This makes no sense. Moving to defined contribution doesn't make money magically appear out of thin air. Academics need an income stream when they retire - its not like being able to feed yourself when you retire is just a "nice to have". Switching from DB to DC does not change the risk of an investment not paying out enough to support someone in retirement - it just changes who pays the price if it doesn't. Under DC the individual pays the price. Under DB, the university does, and as a university is nothing but the sum of its past, present and future employees, it means we, collectively, take the risk - so DB is a way of collectivizing and spreading risk, and not just across current individuals, but across time as well.
Let’s work it out .... the return on a USS pension is about 4% add 2% for index linking means 6% yield needed so that will cover people living on average until 81 years if the returns over that time are zero. No real excuse for the USS to be in difficulties outside of poor management.
The more obvious solution is to stop index linking and so lower required contributions. Not obvious that younger generations need to again take a hit here.
"6% yield needed". When you find out that year in year out safe 6 %, do let me know. My savings account with nationwide pays < 0.1 % at the moment. My USS investment, 'cautious fund' this year has earned the square root of zero this year so far. "we, collectively, take the risk" The whole reason the pensions regulator was set up was that underfunded schemes took down companies, made current workers unemployed and stiffed pensioners. When I reach retirement I don't have the ability to 'take a risk', ill health could mean I cant go back work if my pensions gets vaporised. Whilst young staff might get other jobs, staff near retirement losing everything is awful (I remember Maxwell). Its good the regulator was introduced to stop this. "24 % for Bill Gavin" Marie Antionette had nothing on this guy. The Keynes dictum is the market can remain irrational longer than you can remain solvent. By the time the UCEA and UCU finish arguing, USS will have imploded. Unless you believe BREXIT is going to transform the economy in a good way, then you like me expect the UK to be a slow growing (unhappy) place for years to come, this will blow another hole in USS. I just hope I can retire before the final collapse, because governments tend to care more about pensioners, its the young who will get shafted.

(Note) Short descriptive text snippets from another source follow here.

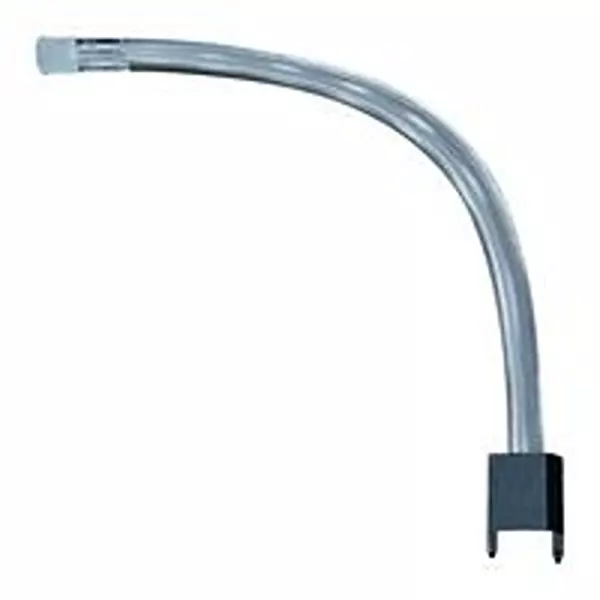 BIVAR LIGHT PIPE, SINGLE, CIRCULAR, 4", UHF3-4.000-Y-67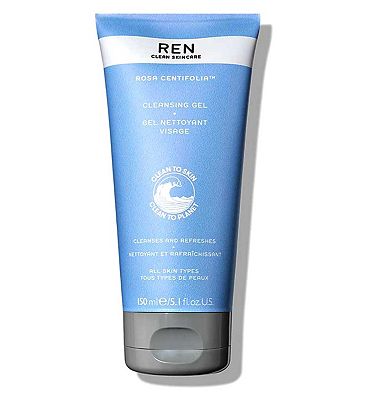 REN Clean Skincare Rosa Centifolia Cleansing Gel 150ml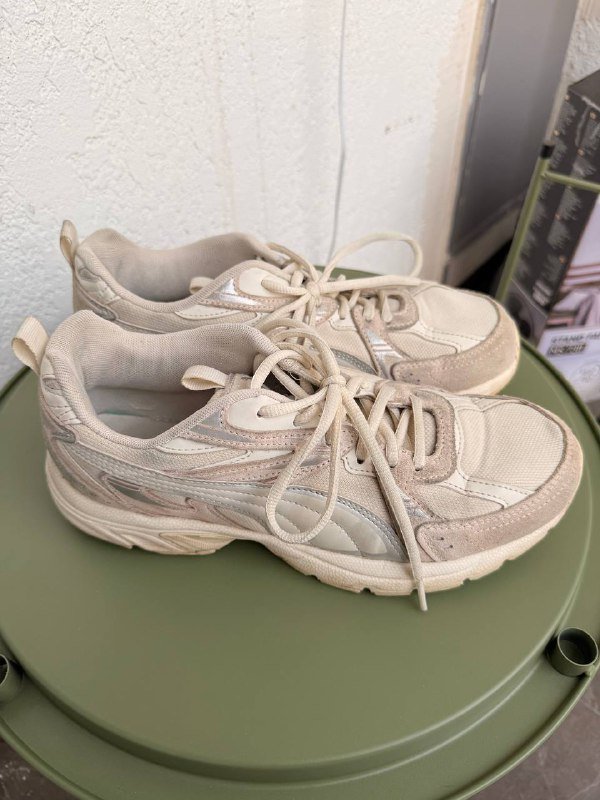 Кроссовки Nike Cortez, Кроссовки Puma 5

Its exactly because those retiring can't afford to take a risk that defined contrubtions are a problem. With DC everyone, everyday, takes the risk day. With DC a stock market crash wipes you out with no recourse, but even if you aren't wiped out, there is a high chance you don't make what you had planned. If you had to cash in a DC pension pot right now for annuity you'd be in deep, deep trouble. The calculus might be different for company schemes where is it possible for the employer to go bust, but that just can't happen to USS - not because a university can't go bust, but the entire sector can't go bust at once. See this post for an account of how the pensions regulations in this country, while necessary, where poorly enacted. https://henrytapper.com/2020/08/17/how-regulation-suffocated-db-pensions-pt-3-clacher-and-keating/ DC doesn't magically make economic conditions not affect pensions. If the economy is shit, all systems of providing pensions struggle. All pensions are, inherently, a ponsi scheme - the provide incomes above the money paid in by borrowing against future growth. All of them do. There is no magic bullet. Its just a case of how widely the price is spread.
But maybe the A’level fiasco will save all of us. Potentially 40% more students, 40% more income and 40% more money to support pensions.